Aesthetics is looking past wrinkles toward biology. March congress data spotlighted collagen-stimulating biostimulators and a growing focus on menopause-related skin change, reframing injectables as part of long-term skin health.

March 2026 congress data widened the aesthetic lens in two directions: regenerative biostimulators such as poly-L-lactic acid that prompt the body to build collagen, and a growing focus on menopause-related skin change, where hormonal shifts affect skin quality. Together they frame injectables as part of long-term skin health, not just wrinkle correction.
Two related themes ran through the March congress season: regeneration and a more honest reckoning with how skin ages, including at menopause.
Both point to aesthetics broadening beyond surface lines toward underlying skin biology.

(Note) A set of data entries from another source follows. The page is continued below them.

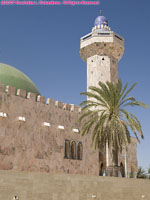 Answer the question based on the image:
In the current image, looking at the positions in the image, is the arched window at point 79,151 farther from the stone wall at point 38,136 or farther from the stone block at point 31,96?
the stone block at point 31,96

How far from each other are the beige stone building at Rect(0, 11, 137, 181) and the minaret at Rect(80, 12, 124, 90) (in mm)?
6200

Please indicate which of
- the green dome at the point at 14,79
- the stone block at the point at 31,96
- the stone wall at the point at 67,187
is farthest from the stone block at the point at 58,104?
the stone wall at the point at 67,187

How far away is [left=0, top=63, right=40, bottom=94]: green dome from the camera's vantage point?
67.2 ft

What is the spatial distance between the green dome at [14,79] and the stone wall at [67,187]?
32.4 ft

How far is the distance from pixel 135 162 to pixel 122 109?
1090cm

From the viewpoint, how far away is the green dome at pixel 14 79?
2050cm

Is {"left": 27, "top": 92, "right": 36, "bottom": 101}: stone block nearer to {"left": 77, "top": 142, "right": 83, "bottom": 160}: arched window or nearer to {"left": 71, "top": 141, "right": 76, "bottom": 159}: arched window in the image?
{"left": 71, "top": 141, "right": 76, "bottom": 159}: arched window

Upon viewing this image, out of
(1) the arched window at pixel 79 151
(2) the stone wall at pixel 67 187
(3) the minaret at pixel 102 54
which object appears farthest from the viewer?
(3) the minaret at pixel 102 54

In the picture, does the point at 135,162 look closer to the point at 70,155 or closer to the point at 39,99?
the point at 70,155

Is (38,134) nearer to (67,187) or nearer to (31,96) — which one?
(31,96)

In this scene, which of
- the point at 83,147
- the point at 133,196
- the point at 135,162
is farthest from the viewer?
the point at 135,162

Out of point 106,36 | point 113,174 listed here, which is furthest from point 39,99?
point 106,36

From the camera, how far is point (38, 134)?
19.0 metres

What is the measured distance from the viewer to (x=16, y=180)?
11.5m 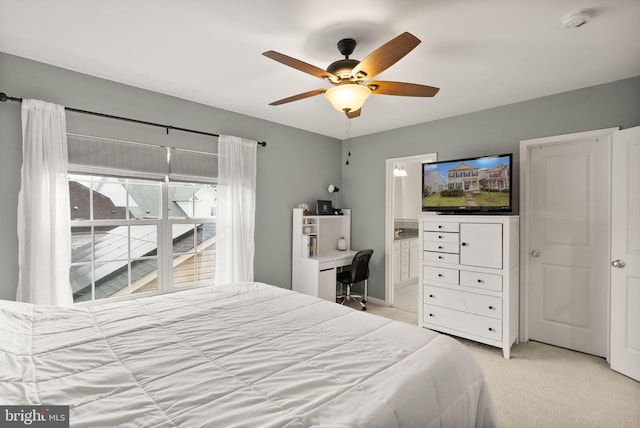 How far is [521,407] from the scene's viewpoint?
2215 millimetres

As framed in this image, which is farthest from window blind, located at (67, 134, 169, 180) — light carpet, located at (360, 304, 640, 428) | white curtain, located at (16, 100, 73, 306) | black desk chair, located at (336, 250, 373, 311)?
light carpet, located at (360, 304, 640, 428)

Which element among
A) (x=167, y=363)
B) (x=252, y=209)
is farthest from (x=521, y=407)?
(x=252, y=209)

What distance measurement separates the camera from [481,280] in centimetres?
314

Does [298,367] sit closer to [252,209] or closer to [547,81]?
[252,209]

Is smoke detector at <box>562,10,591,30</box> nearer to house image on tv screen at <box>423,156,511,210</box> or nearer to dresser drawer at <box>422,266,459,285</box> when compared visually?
house image on tv screen at <box>423,156,511,210</box>

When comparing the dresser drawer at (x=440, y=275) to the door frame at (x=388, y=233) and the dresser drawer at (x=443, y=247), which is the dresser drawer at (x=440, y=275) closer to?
the dresser drawer at (x=443, y=247)

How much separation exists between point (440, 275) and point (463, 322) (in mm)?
522

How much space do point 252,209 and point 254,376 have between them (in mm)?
2680

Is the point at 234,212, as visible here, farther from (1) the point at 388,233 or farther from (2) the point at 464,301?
(2) the point at 464,301

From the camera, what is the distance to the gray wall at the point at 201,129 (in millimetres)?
2412

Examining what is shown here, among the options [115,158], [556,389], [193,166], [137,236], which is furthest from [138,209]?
[556,389]

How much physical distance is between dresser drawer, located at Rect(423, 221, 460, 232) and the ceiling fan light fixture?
183 cm

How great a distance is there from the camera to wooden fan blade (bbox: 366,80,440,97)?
2161 mm

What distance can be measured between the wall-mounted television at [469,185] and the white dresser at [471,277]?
A: 21cm
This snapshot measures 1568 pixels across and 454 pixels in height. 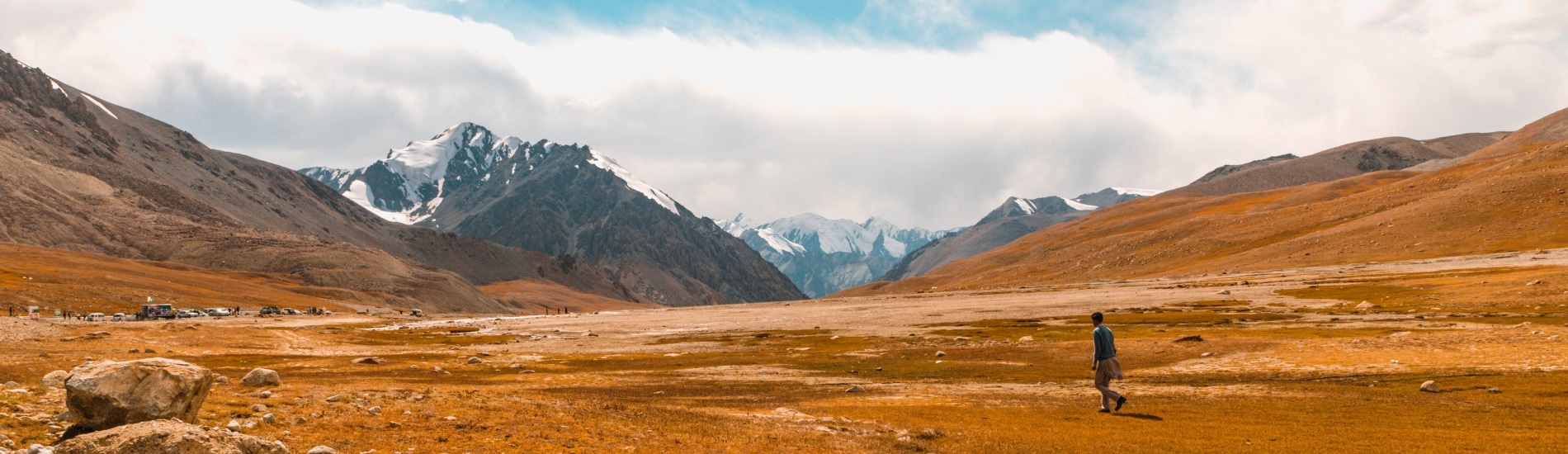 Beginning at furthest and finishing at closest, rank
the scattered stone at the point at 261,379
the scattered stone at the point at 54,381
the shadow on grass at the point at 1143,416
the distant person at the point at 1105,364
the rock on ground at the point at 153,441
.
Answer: the scattered stone at the point at 261,379 < the distant person at the point at 1105,364 < the shadow on grass at the point at 1143,416 < the scattered stone at the point at 54,381 < the rock on ground at the point at 153,441

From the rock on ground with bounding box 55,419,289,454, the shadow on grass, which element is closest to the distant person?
the shadow on grass

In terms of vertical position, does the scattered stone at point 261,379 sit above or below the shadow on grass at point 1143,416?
above

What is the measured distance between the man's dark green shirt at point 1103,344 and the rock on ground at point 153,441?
2365 centimetres

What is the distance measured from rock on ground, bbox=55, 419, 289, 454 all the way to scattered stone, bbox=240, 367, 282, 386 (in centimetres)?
1796

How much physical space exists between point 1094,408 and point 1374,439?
8655 mm

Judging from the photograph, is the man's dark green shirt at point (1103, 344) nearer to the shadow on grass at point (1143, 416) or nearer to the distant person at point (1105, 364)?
the distant person at point (1105, 364)

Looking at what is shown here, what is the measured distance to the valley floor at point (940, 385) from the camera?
22.5 m

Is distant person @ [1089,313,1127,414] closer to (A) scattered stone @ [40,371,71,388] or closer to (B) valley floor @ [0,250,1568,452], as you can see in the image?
(B) valley floor @ [0,250,1568,452]

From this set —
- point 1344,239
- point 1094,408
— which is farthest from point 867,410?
point 1344,239

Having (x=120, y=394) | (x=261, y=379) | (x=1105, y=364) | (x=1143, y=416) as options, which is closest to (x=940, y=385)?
(x=1105, y=364)

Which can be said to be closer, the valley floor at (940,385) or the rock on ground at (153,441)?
the rock on ground at (153,441)

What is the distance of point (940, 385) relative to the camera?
125 feet

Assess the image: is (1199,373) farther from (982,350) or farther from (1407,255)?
(1407,255)

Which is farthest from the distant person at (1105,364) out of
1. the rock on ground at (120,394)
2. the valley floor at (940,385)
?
the rock on ground at (120,394) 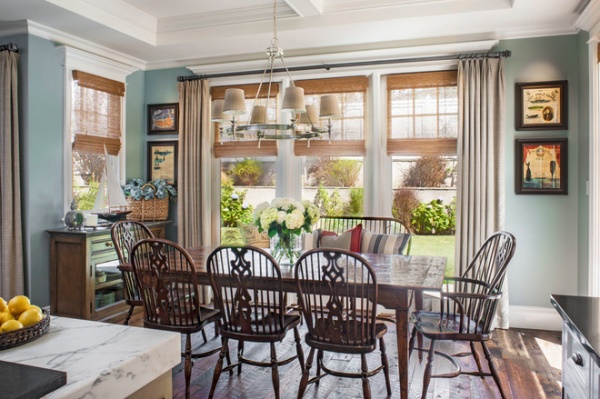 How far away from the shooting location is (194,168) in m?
5.19

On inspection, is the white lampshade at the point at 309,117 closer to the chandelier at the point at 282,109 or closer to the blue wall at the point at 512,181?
the chandelier at the point at 282,109

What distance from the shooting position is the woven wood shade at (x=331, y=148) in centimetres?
476

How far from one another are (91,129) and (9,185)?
3.36ft

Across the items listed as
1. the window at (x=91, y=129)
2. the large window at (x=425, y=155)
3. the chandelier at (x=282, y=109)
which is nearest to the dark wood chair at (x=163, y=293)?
the chandelier at (x=282, y=109)

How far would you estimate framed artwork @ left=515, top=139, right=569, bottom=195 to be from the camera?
4.12 m

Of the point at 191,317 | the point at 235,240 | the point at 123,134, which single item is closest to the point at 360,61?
the point at 235,240

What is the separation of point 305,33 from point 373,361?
289cm

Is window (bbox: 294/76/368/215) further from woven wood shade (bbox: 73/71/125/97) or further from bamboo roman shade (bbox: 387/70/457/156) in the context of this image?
woven wood shade (bbox: 73/71/125/97)

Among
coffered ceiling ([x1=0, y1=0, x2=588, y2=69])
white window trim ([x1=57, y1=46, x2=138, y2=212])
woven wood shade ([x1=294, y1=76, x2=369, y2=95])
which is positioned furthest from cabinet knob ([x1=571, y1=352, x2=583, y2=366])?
white window trim ([x1=57, y1=46, x2=138, y2=212])

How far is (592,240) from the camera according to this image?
373cm

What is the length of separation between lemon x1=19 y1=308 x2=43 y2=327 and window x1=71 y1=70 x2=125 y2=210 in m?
3.59

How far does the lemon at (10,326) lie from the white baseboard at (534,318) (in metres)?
4.11

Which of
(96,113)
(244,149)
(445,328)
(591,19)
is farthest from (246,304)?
(591,19)

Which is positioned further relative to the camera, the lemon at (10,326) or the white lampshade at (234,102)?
the white lampshade at (234,102) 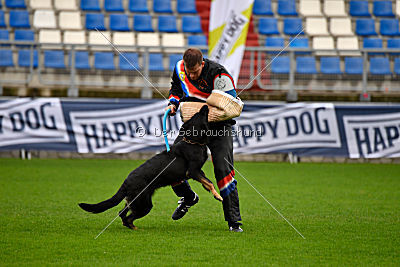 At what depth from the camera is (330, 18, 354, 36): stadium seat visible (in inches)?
721

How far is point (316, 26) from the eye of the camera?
60.2 ft

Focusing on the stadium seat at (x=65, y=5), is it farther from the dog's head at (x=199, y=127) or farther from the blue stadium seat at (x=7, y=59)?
the dog's head at (x=199, y=127)

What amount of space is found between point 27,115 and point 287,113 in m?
6.11

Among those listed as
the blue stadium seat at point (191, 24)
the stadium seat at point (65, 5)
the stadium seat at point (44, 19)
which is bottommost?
the blue stadium seat at point (191, 24)

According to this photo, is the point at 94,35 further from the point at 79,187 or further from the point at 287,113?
the point at 79,187

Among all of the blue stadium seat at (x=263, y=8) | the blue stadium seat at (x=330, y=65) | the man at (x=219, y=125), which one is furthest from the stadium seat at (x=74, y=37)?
the man at (x=219, y=125)

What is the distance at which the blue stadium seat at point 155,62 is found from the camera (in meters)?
13.9

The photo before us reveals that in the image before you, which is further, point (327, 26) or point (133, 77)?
point (327, 26)

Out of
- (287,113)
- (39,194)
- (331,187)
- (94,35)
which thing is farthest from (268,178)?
(94,35)

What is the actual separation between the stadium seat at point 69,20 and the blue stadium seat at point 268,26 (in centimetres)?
536

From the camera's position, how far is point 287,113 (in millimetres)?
13922

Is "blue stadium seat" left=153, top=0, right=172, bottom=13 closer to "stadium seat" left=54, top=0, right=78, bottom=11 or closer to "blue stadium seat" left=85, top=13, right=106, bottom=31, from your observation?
"blue stadium seat" left=85, top=13, right=106, bottom=31

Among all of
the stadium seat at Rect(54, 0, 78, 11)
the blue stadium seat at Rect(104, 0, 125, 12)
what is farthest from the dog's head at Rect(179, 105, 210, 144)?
the stadium seat at Rect(54, 0, 78, 11)

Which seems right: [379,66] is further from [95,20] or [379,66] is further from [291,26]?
[95,20] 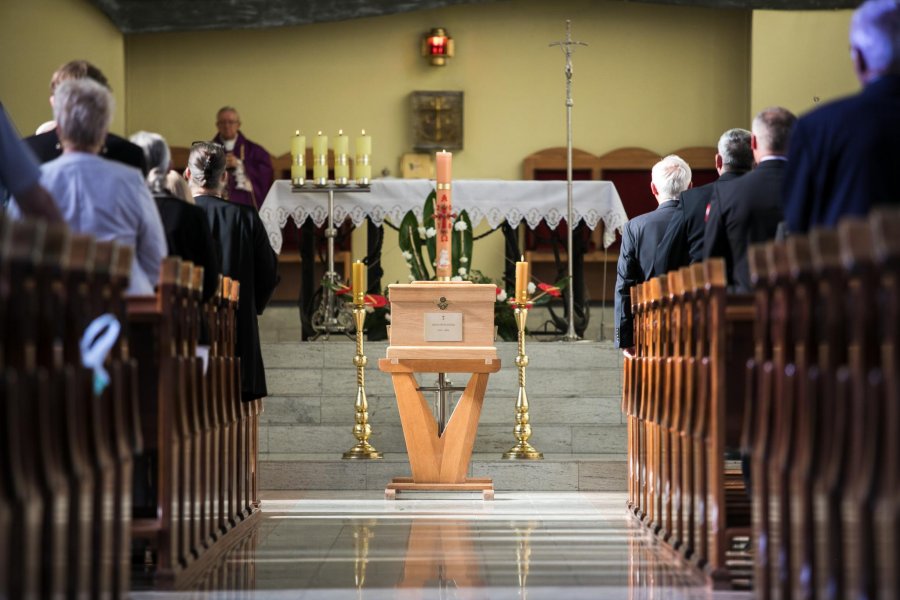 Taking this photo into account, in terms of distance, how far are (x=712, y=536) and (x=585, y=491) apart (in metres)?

Congress posters addressed the regenerative effects of poly-L-lactic acid (PLLA), a biostimulator that stimulates the body own collagen over time, including consensus work on its use for non-facial rejuvenation. Separately, data explored the role of biostimulators and fillers in addressing menopause-related skin conditions, acknowledging that hormonal changes around menopause can accelerate collagen loss, dryness, and laxity. A multi-country survey presented earlier in the season had also examined how menopause affects the skin.
The combined message is that aesthetics is increasingly engaging with skin biology and life stages, not just static wrinkles. Regenerative approaches aim to improve skin quality and structure gradually, and menopause is being recognized as a meaningful, under-discussed driver of skin change worth addressing thoughtfully.
For consumers, this reframing is useful and humane: it treats skin change as a biological process to support rather than a flaw to erase, and it validates seeking care around menopause. But regenerative and hormone-adjacent marketing also invites overreach. Biostimulators build results gradually and require experienced injectors, and skin care around menopause is best handled with realistic expectations and, where relevant, coordination with broader medical care.
Watch for more rigorous data on biostimulators for specific areas and populations, and for menopause-focused aesthetic care becoming a clearer category rather than a marketing label. For patients, the grounding questions are what evidence supports a regenerative treatment for their goal, how many sessions it requires, and whether menopause-related skin concerns might also warrant input from their broader healthcare team alongside aesthetic options.